This would indicate n5/5 never accepted any entries and that the only question is why this state wasn't blown away when n5/2 was destroyed and replaced by a range tombstone. I don't have an answer to this, but I'm also not sure it's relevant.

Fundamentally, it seems like we don't support learners voting before they have been sent a snapshot, but we also don't prevent this as far as I can tell. This would lead to these symptoms, right?

tbg commented 5 years ago

Sorry, I should've pointed this out more clearly above: I don't think anything is wrong here with that vote. What's wrong is the nonzero commit index. etcd/raft has the invariant that the leader will never send a Commit index above what the follower has acked in its log. For example, if the leader knows 100 is committed but it only knows that the follower has entry 90, it will make sure to only sent Commit: 90.

I think what you're seeing is that the MsgVote contained a higher Commit index. Could that be the problem?

nvanbenschoten commented 5 years ago

I think what you're seeing is that the MsgVote contained a higher Commit index. Could that be the problem?
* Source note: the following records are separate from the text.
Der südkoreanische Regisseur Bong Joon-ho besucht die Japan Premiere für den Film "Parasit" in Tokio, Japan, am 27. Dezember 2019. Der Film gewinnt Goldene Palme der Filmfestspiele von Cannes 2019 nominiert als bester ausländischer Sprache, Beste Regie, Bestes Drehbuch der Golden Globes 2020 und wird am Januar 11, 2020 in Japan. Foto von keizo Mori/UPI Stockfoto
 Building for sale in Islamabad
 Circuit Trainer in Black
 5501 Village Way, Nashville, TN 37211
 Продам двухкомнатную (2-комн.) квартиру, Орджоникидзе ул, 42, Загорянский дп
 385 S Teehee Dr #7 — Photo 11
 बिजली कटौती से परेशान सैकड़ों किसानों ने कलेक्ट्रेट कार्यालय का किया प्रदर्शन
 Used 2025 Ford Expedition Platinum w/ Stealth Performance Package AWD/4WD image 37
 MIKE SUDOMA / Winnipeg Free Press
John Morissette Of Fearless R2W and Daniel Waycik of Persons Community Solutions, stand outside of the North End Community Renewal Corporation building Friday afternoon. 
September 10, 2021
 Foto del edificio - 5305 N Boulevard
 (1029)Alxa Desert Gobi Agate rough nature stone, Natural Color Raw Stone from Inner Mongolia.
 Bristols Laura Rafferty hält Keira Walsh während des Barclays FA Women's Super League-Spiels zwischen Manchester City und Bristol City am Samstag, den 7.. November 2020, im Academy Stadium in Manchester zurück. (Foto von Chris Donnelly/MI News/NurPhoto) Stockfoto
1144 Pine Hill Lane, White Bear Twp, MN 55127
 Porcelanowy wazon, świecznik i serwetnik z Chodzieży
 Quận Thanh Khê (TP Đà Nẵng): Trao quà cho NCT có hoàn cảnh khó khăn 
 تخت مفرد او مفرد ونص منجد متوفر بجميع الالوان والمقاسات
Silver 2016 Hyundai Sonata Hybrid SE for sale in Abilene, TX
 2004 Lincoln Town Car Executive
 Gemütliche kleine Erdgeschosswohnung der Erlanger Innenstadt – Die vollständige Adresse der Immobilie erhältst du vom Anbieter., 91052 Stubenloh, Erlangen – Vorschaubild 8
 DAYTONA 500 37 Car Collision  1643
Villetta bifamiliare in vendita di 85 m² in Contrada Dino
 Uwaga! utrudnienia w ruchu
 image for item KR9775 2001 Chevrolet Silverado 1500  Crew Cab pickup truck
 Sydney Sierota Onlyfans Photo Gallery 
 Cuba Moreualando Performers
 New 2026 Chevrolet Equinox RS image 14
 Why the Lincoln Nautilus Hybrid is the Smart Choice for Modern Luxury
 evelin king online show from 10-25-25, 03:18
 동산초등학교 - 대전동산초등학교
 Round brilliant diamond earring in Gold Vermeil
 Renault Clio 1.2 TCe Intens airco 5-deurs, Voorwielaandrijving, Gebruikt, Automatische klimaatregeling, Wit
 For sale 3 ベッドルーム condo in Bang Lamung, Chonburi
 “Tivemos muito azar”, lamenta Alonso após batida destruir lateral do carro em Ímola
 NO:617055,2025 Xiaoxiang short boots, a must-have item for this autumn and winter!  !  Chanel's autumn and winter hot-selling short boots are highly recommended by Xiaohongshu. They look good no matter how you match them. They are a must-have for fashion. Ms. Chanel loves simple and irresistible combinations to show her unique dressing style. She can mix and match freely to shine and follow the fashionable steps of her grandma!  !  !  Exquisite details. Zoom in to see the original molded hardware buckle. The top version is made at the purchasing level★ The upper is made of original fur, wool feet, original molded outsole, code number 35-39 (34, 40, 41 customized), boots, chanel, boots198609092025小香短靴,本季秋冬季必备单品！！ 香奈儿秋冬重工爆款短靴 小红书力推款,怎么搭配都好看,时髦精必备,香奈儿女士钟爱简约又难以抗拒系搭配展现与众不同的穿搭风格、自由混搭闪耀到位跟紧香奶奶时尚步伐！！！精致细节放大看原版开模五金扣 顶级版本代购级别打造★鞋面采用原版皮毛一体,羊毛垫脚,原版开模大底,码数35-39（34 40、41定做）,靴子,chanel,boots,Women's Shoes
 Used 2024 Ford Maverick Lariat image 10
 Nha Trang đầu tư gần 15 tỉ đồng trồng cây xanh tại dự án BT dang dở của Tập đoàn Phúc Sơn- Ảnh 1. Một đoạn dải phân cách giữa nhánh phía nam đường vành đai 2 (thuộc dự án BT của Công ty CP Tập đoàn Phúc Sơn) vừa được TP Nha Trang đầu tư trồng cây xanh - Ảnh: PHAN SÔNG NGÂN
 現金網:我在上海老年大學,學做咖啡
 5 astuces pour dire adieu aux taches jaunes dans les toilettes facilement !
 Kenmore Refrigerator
But the commit index in the hard state on n5 is exactly the index of the last entry in its log (which itself is still a mystery).

tbg commented 5 years ago

Oh, they match? I missed that. I think that is good news. Let's say it was indeed an MsgVote that triggered the crash (PS, MsgVote never has Commit set, I checked). The raft group was likely not initialized, due to the previous replicaGC (heck, nothing was initialized because the replica was supposedly completely erased). The MsgVote comes in and we create a replica and its raft group. I assume the RawNode first emits the current HardState as an update, even though it's already persisted (have to check). And boom we go, because now we see a Committed but we don't have a state which isn't supposed to happen. The problem then is that the replicaGC missed some data, not that the vote arrived. Any message would've done it with the exception of MsgSnap perhaps.

tbg commented 5 years ago

Ah, the MsgVote did update the HardState -- via a new Term. So that explains why it's coming out. But the commit index comes from the raft log entries, which were not supposed to be there.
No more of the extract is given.